--- RECORD EXTRACTS ---
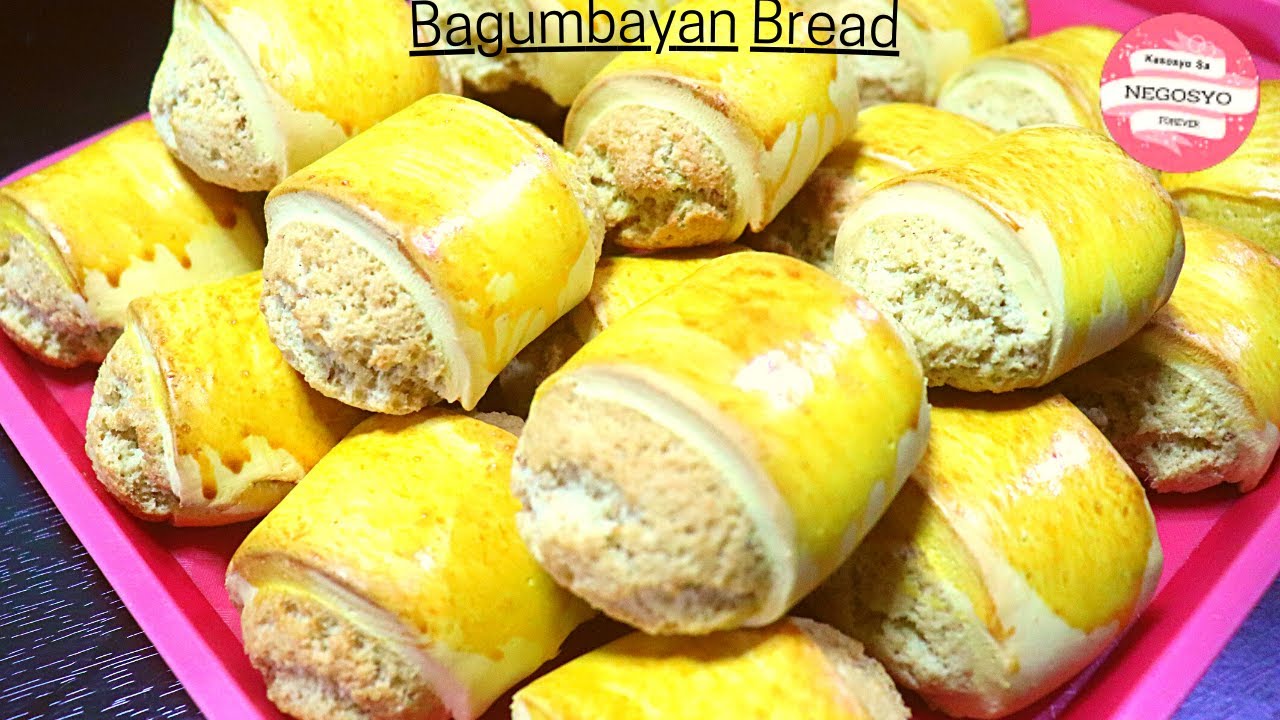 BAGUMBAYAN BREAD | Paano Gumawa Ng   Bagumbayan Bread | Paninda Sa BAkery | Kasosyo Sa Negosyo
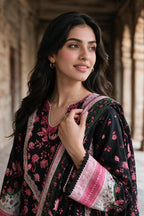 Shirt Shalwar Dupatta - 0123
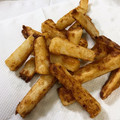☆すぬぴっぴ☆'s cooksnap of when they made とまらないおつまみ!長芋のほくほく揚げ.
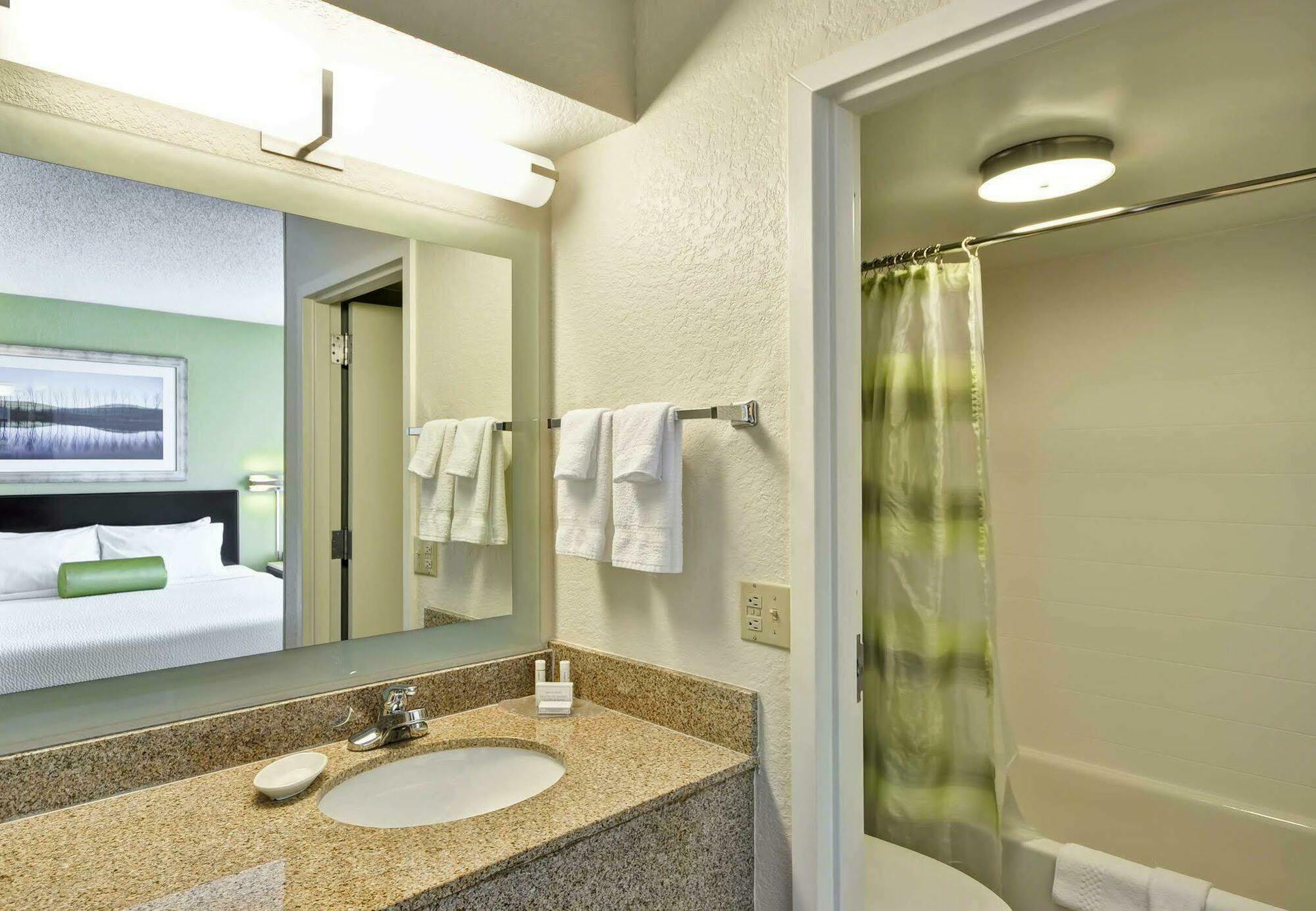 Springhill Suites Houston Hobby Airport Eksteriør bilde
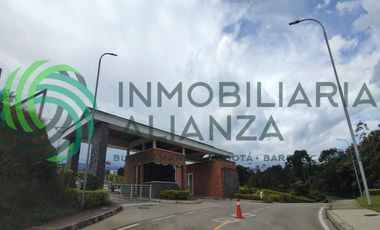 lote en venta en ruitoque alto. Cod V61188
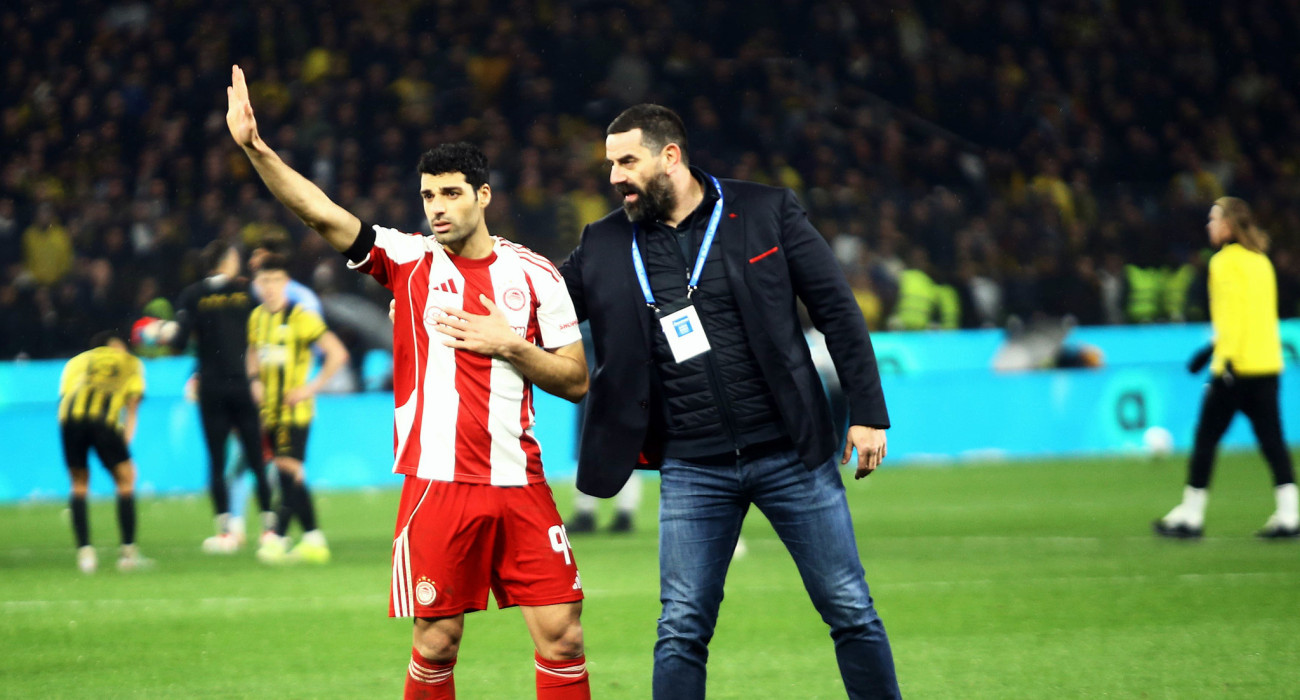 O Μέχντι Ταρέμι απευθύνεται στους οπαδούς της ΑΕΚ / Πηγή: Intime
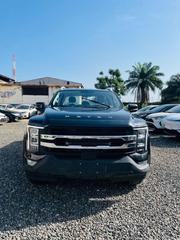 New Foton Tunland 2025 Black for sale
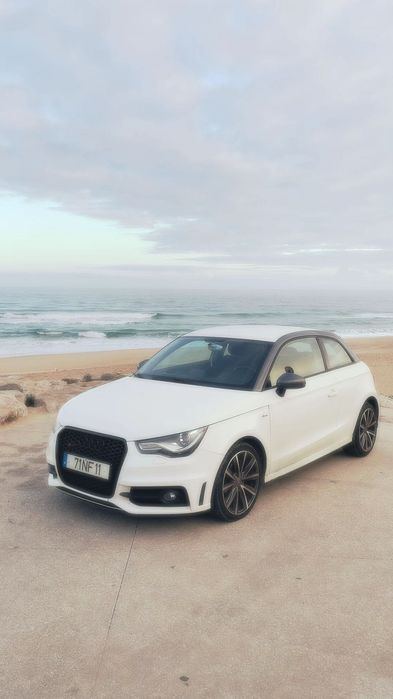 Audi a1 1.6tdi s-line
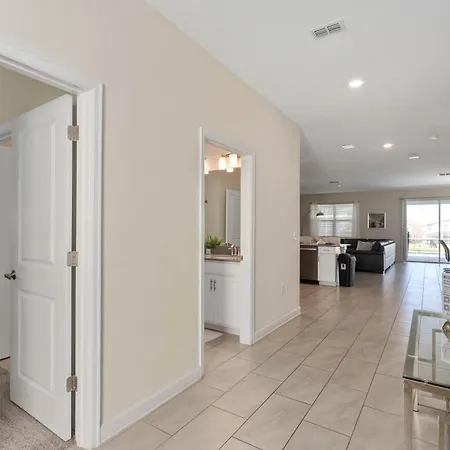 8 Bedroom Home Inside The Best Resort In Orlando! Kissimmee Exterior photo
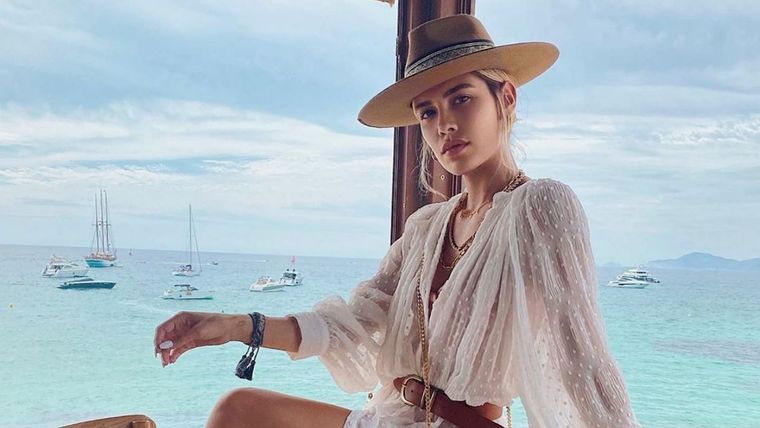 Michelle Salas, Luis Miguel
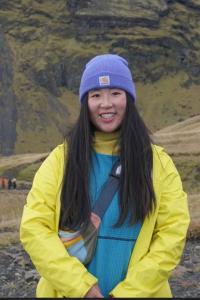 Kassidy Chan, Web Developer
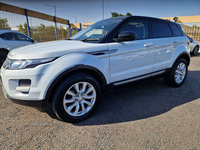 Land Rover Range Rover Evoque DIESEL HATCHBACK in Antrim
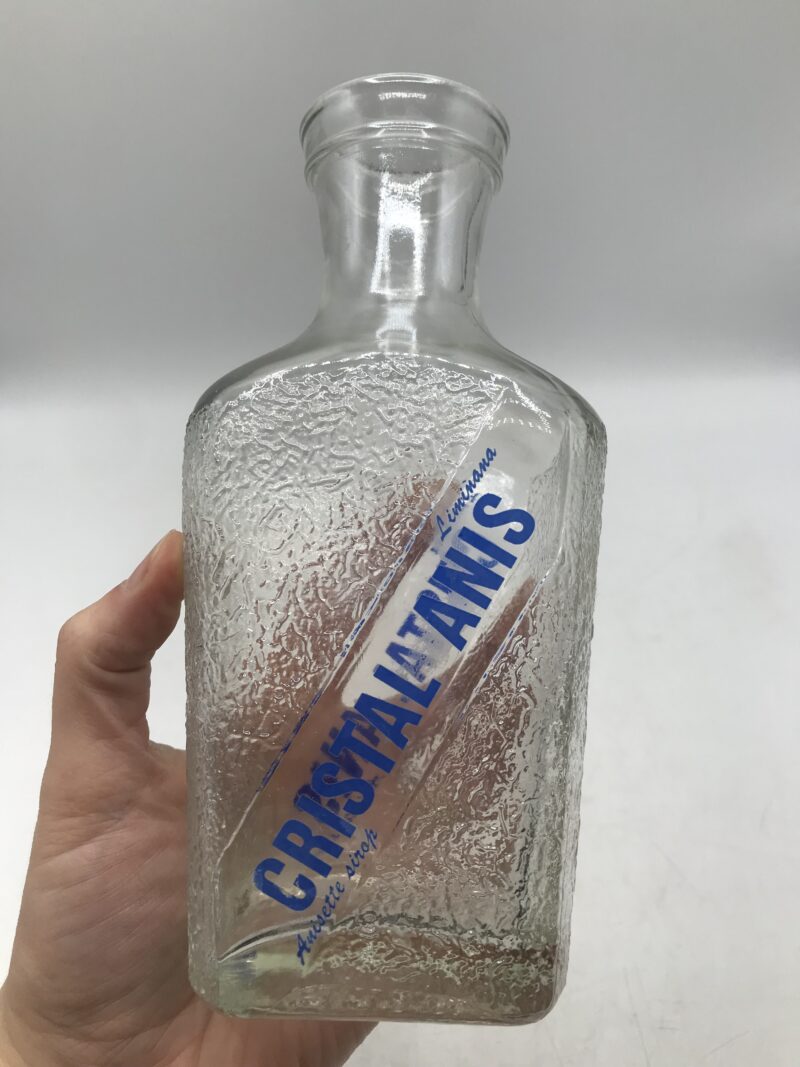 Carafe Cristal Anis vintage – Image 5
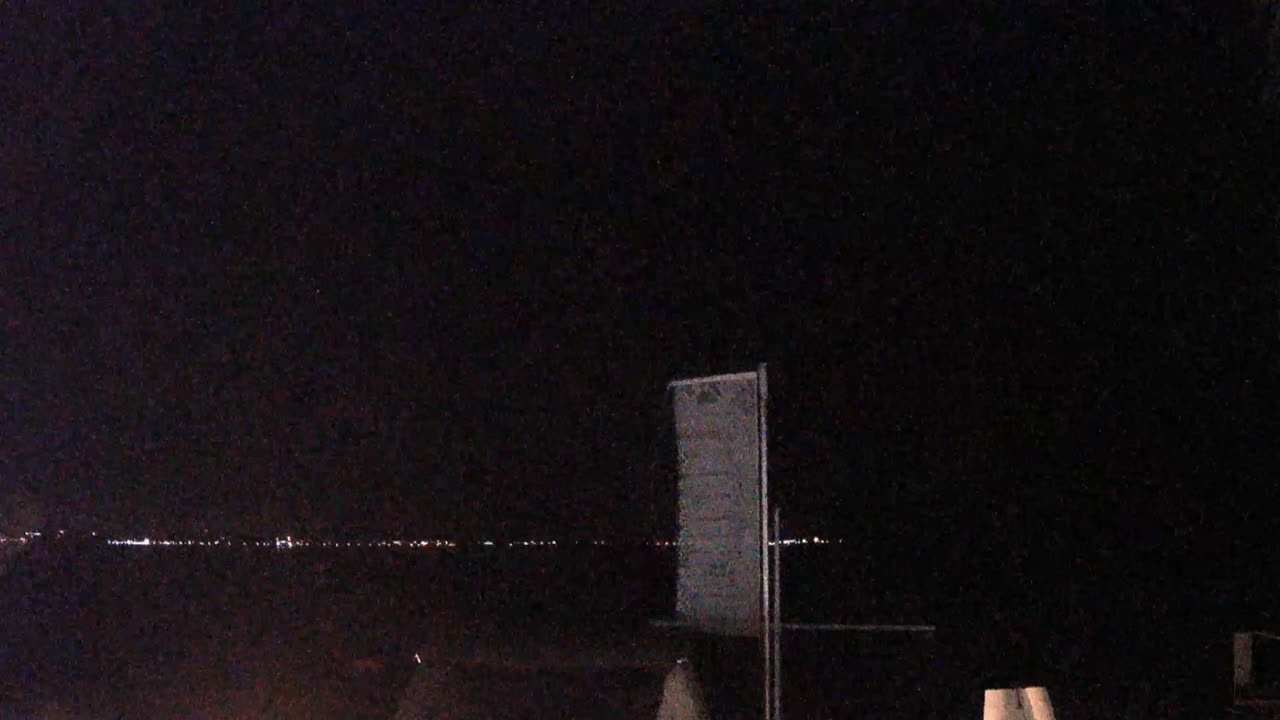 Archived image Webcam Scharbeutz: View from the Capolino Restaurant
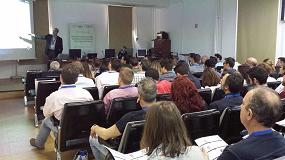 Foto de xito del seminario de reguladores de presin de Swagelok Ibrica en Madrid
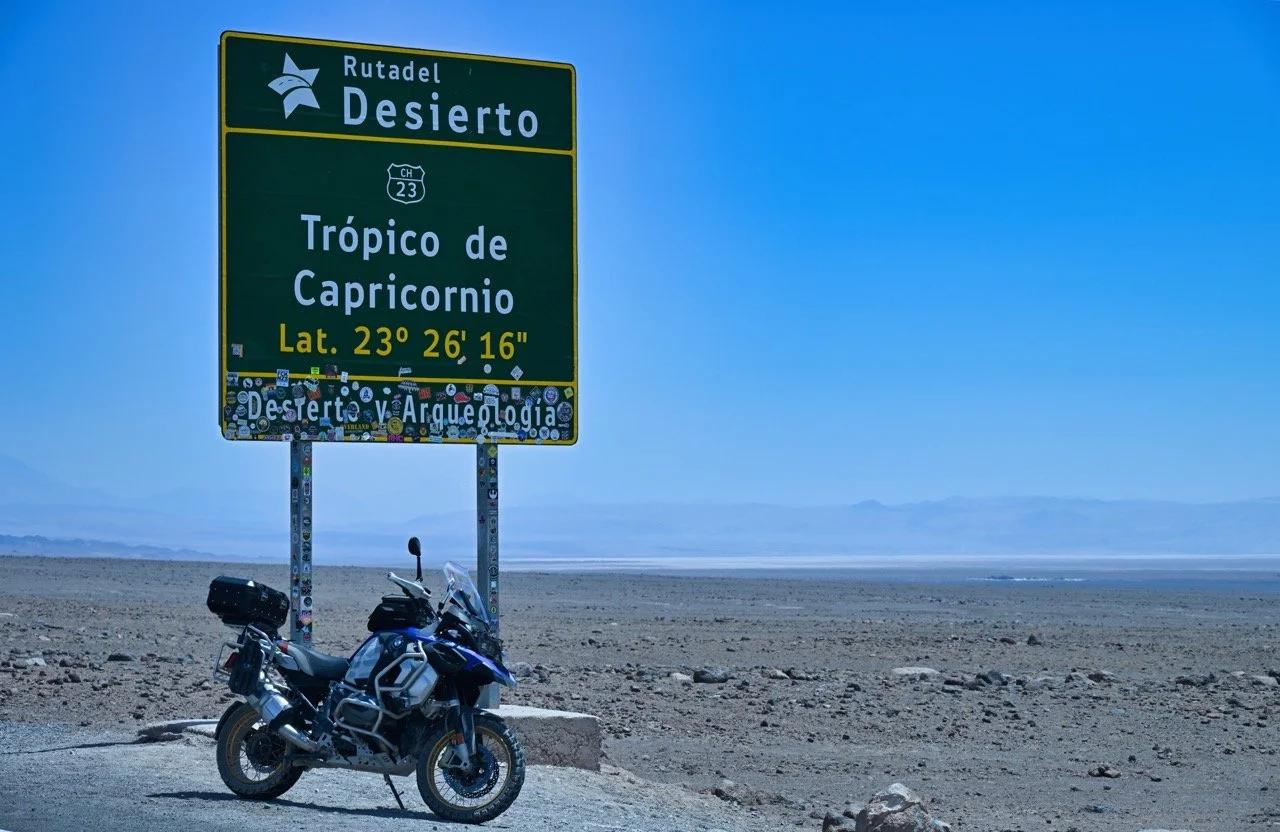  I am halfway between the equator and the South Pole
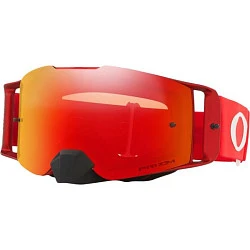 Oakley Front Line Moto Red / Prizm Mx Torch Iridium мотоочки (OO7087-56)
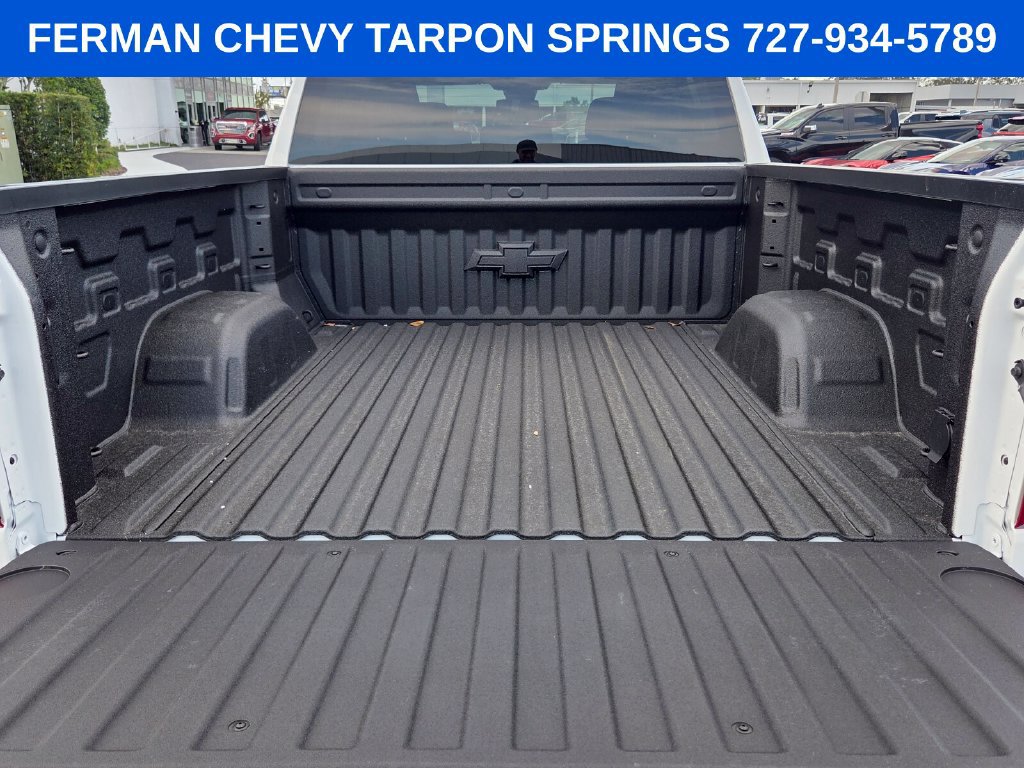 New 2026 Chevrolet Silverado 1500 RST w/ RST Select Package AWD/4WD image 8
---
* TASK BRIEF *
Give again, exactly, the lines from the start of the data through the one holding "Audi a1 1.6tdi s-line"; omit the pictures.

* TASK ANSWER *
 BAGUMBAYAN BREAD | Paano Gumawa Ng   Bagumbayan Bread | Paninda Sa BAkery | Kasosyo Sa Negosyo
 Shirt Shalwar Dupatta - 0123
☆すぬぴっぴ☆'s cooksnap of when they made とまらないおつまみ!長芋のほくほく揚げ.
 Springhill Suites Houston Hobby Airport Eksteriør bilde
 lote en venta en ruitoque alto. Cod V61188
 O Μέχντι Ταρέμι απευθύνεται στους οπαδούς της ΑΕΚ / Πηγή: Intime
 New Foton Tunland 2025 Black for sale
 Audi a1 1.6tdi s-line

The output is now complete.